Being a well-respected architect sometimes means doing it for yourself. Arch. Yinon Ben David did just that and created a stunning home for his family
Approximately 3 years ago, architect Yinon Ben David purchased a 1.5-acre property in Natoor, a village located in the Israeli Golan Heights. Ben David had a view of turning it into a 175 sqm dream home for his family. Both the planning and construction took a year each to complete.
As someone who believes in the authenticity of materials and holds a strategic approach to environmental planning, the architect created a modest Nordic-style property with an ecological wood facade that contributes to its overall effect. “I wanted the property to feel like one out of ‘Little House on the Prairie’”, He explains. “Modest, and respectful of the view and its surroundings”.
Ben-David goes on to explain: “The planning and construction were relatively straightforward. I followed my personal truth. I wanted a house that was perfect in terms of its features, as well as its design. A cozy home that connects us to nature, using as many natural materials as possible and a soft color palette that complements the view and allows it to be the main focus”.
The house is visually simple and was designed with a modest front facade. However, the rear of the property is much more impressive, designed to be open and inviting. With large windows facing the view of the surrounding fields and the main garden, in a manner that practically brings the views into the living space itself.
The entrance to the property is in fact a roofed terrace where the family spends much of its time. The area has been fitted with a concrete alcove, as well as a bench that doubles as storage space.

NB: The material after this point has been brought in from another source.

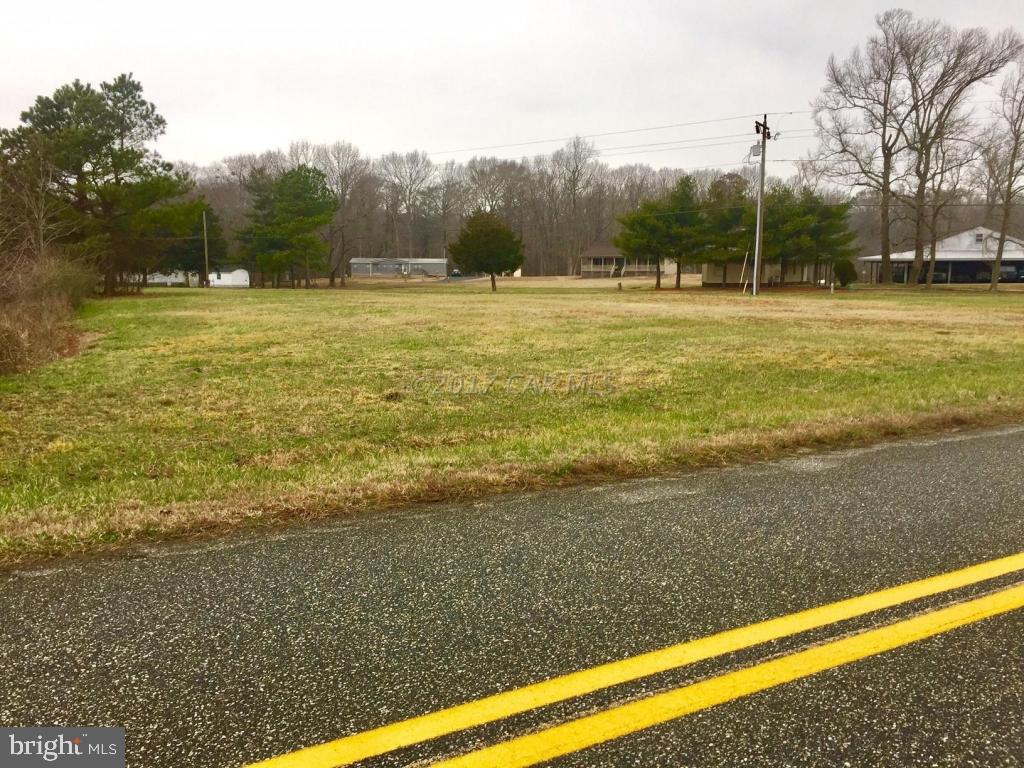 Lot 10 Bell Road Whaleyville, MD 21872 - Photo 2 of 5 a view of a large body of water with a building in the background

An impressive wooden front door with a glass frame welcomes visitors. The area between the kitchen and the lounge is visible upon entry and a stunning view can be seen through a large window. To the right, an exposed concrete feature wall extends to the top of the property until it meets with the sloping ceiling. A nook, which can be accessed by a ladder, was created at the top to store books and display plants. Further along is a back corridor leading to the bedrooms.
It was decided against putting a television in the living room, to allow the view to be the main focus of the space. The color scheme in this area is based on grays and browns with concrete style flooring made of granite porcelain and a Moroccan rug that injects warmth into the space.
The sloping roof that continues into the property was exposed in various places around the house and is used for storage as well as concealing a variety of systems. The same sloping roof continues outdoors across two facades of the property.
The kitchen was fitted at the heart of the property with a large spacious island in its center made of European Oak and designed by Ben-David himself. The kitchen too is minimalist, displaying a color scheme of cashmere grays with wooden touches that blend with the wood used for the roof creating a harmonious feel.
To the right of the kitchen, the architect planned a conservatory that overlooks the view and serves as the dining area. A unique room that holds a dialogue with the view in a way that allows you to feel as though you are in fact outdoors. The dining area doors open into the back garden and a seating area that overlooks the view and is used by the family as it’s the main outdoor area.
The family room is located between the kids’ bedrooms and the master bedroom. It is a very spacious room that overlooks the garden and continues the flow of the materials used throughout the property, focusing on wood and soft color schemes. This room includes the TV and kids’ play area.